Task instructions => With the pictures left aside, write out the entries that follow exactly.

Data shown =>
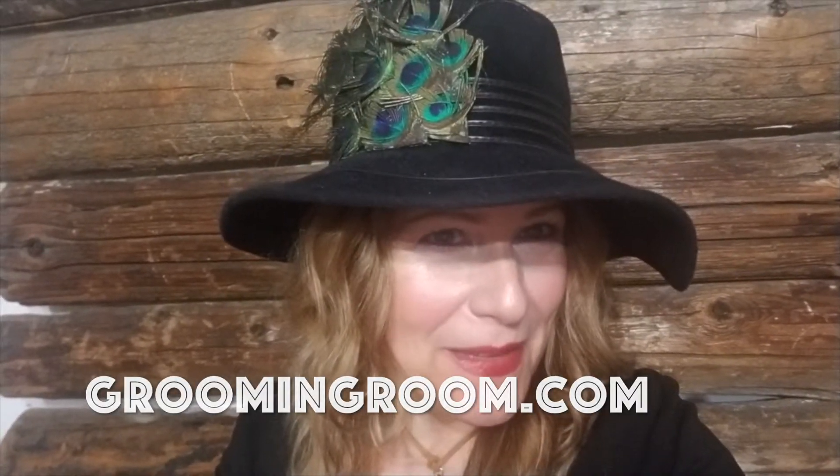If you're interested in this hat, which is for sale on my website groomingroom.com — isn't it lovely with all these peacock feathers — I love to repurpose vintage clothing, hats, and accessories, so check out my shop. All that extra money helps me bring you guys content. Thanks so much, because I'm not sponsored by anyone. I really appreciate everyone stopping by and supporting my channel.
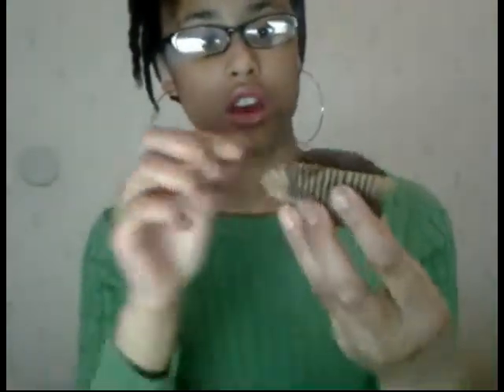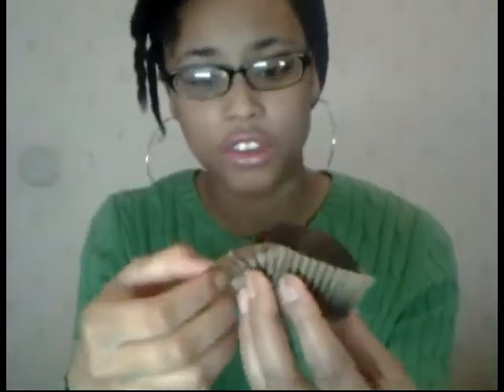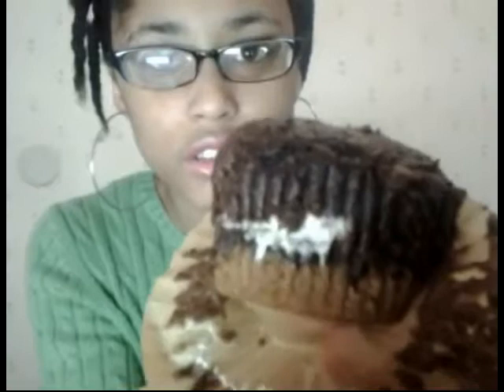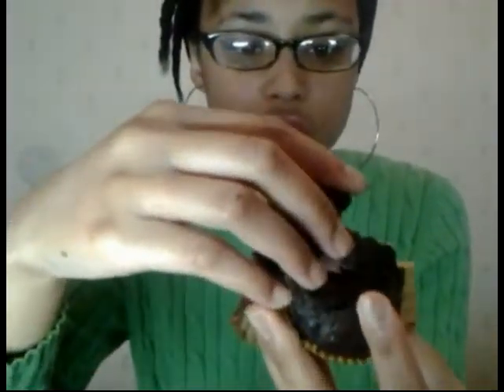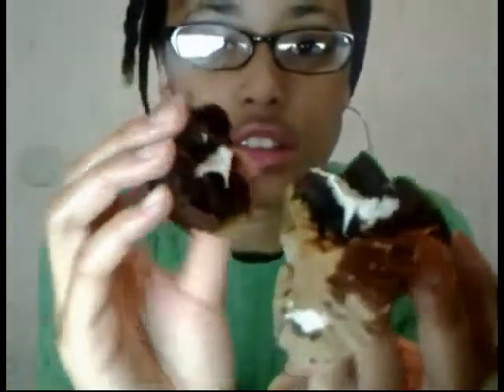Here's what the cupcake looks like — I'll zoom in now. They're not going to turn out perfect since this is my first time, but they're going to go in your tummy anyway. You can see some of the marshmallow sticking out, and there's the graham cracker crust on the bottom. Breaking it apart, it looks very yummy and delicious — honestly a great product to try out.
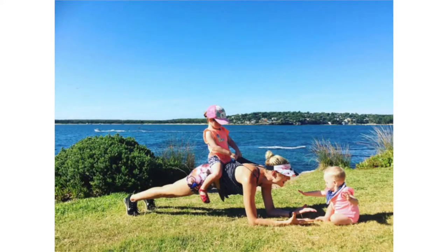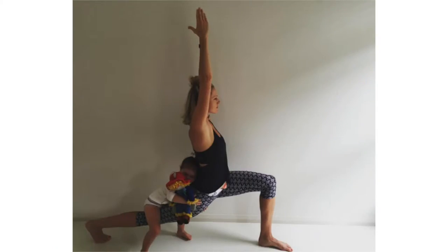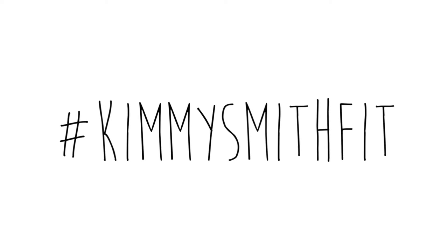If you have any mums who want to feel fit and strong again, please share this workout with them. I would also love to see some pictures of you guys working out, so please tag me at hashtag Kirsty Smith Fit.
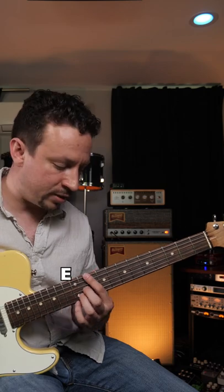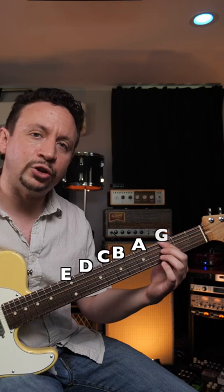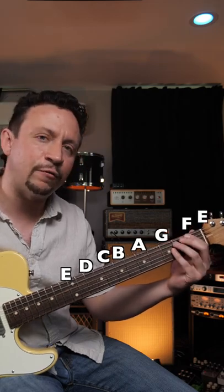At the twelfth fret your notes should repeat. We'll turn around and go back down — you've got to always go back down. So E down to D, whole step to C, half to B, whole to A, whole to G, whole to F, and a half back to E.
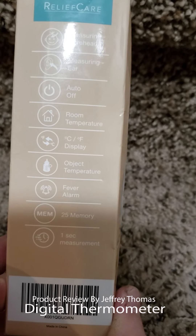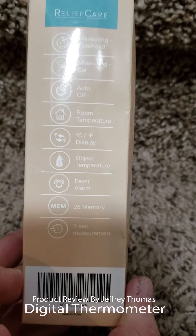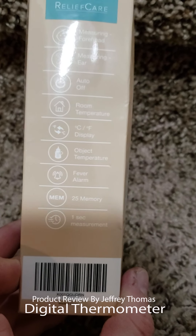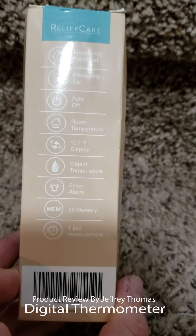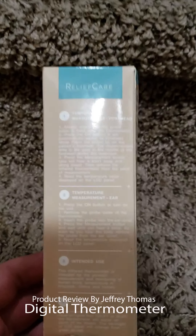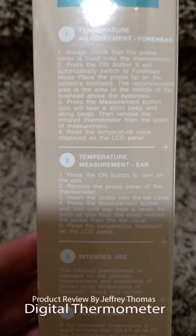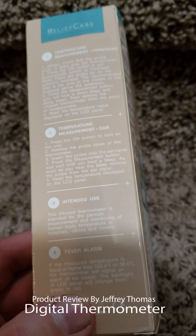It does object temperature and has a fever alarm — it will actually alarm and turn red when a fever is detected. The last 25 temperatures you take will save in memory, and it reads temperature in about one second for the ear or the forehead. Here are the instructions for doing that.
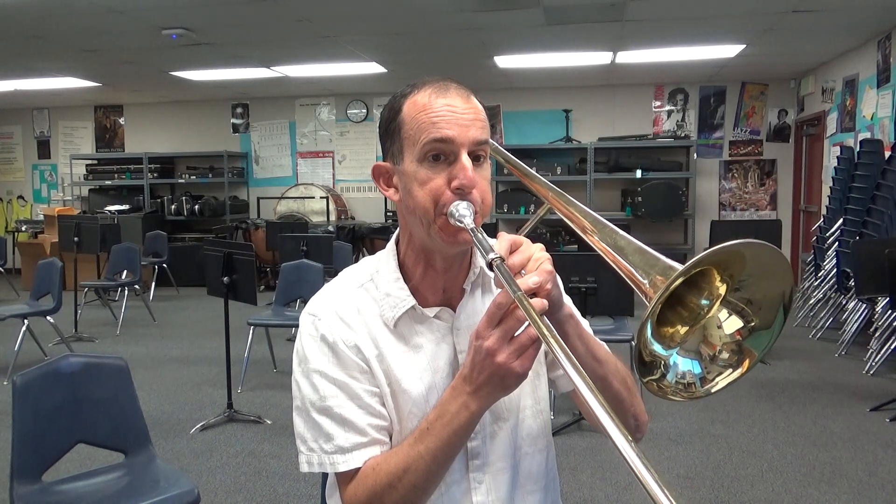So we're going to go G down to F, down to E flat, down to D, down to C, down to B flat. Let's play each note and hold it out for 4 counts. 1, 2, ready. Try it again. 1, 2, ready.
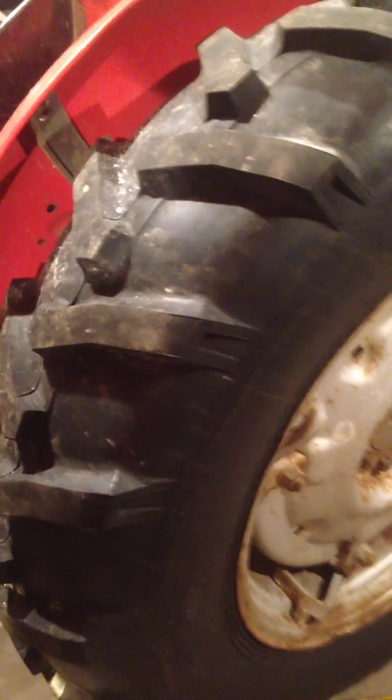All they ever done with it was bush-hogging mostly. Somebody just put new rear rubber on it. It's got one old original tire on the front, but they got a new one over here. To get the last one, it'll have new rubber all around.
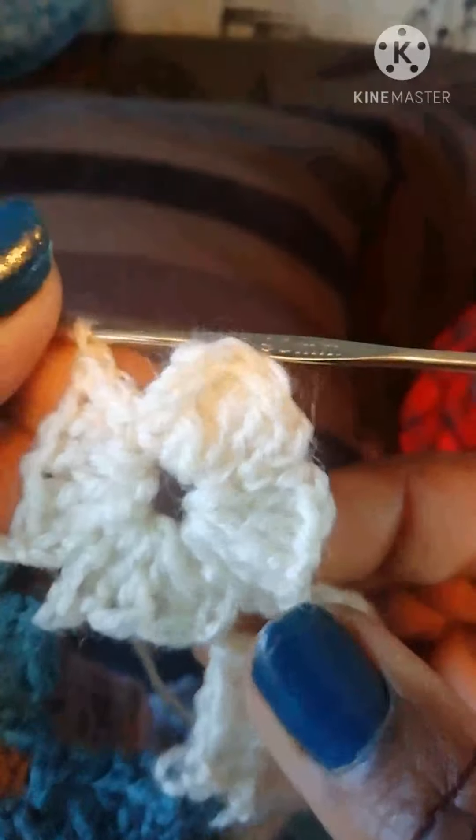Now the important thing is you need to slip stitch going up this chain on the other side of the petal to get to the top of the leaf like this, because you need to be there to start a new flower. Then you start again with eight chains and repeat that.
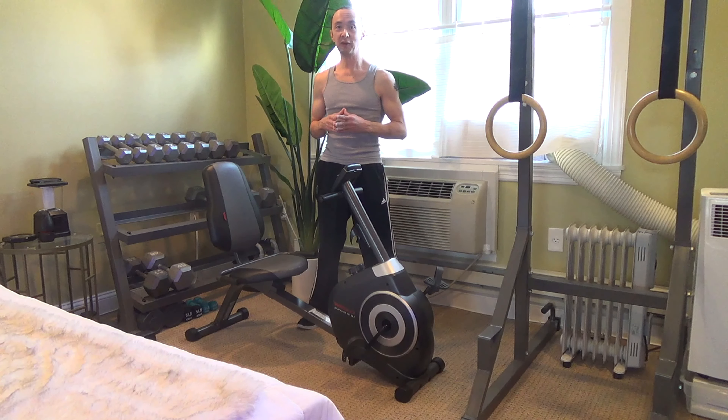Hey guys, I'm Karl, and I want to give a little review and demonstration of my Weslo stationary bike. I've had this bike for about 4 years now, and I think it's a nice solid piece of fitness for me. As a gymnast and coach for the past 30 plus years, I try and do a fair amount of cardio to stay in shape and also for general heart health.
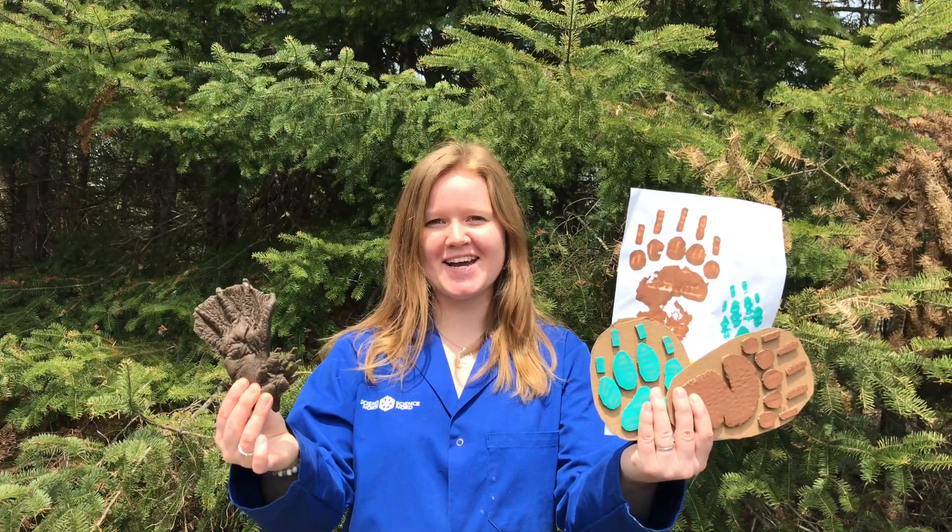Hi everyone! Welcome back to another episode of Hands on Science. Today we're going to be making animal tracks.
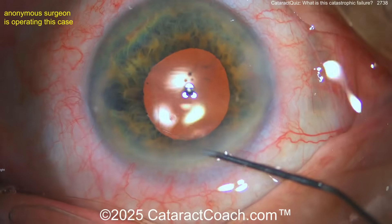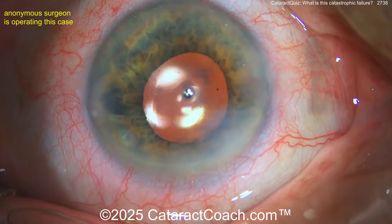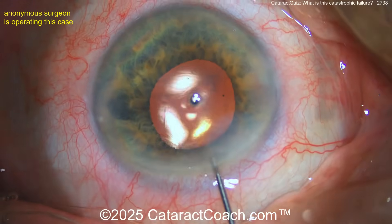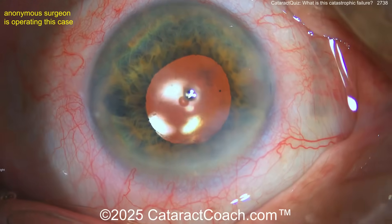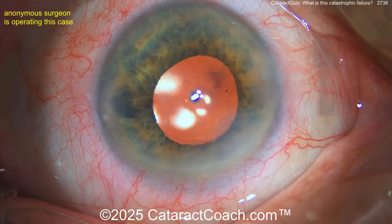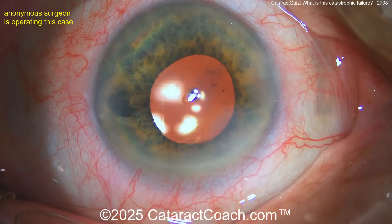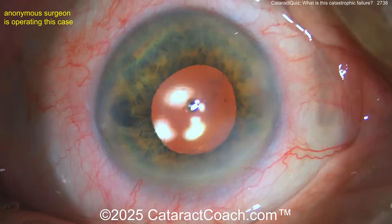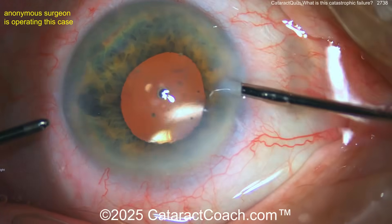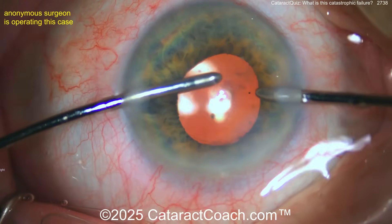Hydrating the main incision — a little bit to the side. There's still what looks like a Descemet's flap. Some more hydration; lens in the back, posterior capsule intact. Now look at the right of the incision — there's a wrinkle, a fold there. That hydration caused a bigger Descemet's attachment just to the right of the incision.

Response to the exercise =>
If you're interested in this hat, which is for sale on my website groomingroom.com — isn't it lovely with all these peacock feathers — I love to repurpose vintage clothing, hats, and accessories, so check out my shop. All that extra money helps me bring you guys content. Thanks so much, because I'm not sponsored by anyone. I really appreciate everyone stopping by and supporting my channel.
Here's what the cupcake looks like — I'll zoom in now. They're not going to turn out perfect since this is my first time, but they're going to go in your tummy anyway. You can see some of the marshmallow sticking out, and there's the graham cracker crust on the bottom. Breaking it apart, it looks very yummy and delicious — honestly a great product to try out.
If you have any mums who want to feel fit and strong again, please share this workout with them. I would also love to see some pictures of you guys working out, so please tag me at hashtag Kirsty Smith Fit.
At the twelfth fret your notes should repeat. We'll turn around and go back down — you've got to always go back down. So E down to D, whole step to C, half to B, whole to A, whole to G, whole to F, and a half back to E.
It does object temperature and has a fever alarm — it will actually alarm and turn red when a fever is detected. The last 25 temperatures you take will save in memory, and it reads temperature in about one second for the ear or the forehead. Here are the instructions for doing that.
So we're going to go G down to F, down to E flat, down to D, down to C, down to B flat. Let's play each note and hold it out for 4 counts. 1, 2, ready. Try it again. 1, 2, ready.
All they ever done with it was bush-hogging mostly. Somebody just put new rear rubber on it. It's got one old original tire on the front, but they got a new one over here. To get the last one, it'll have new rubber all around.
Now the important thing is you need to slip stitch going up this chain on the other side of the petal to get to the top of the leaf like this, because you need to be there to start a new flower. Then you start again with eight chains and repeat that.
Hey guys, I'm Karl, and I want to give a little review and demonstration of my Weslo stationary bike. I've had this bike for about 4 years now, and I think it's a nice solid piece of fitness for me. As a gymnast and coach for the past 30 plus years, I try and do a fair amount of cardio to stay in shape and also for general heart health.
Hi everyone! Welcome back to another episode of Hands on Science. Today we're going to be making animal tracks.
Hydrating the main incision — a little bit to the side. There's still what looks like a Descemet's flap. Some more hydration; lens in the back, posterior capsule intact. Now look at the right of the incision — there's a wrinkle, a fold there. That hydration caused a bigger Descemet's attachment just to the right of the incision.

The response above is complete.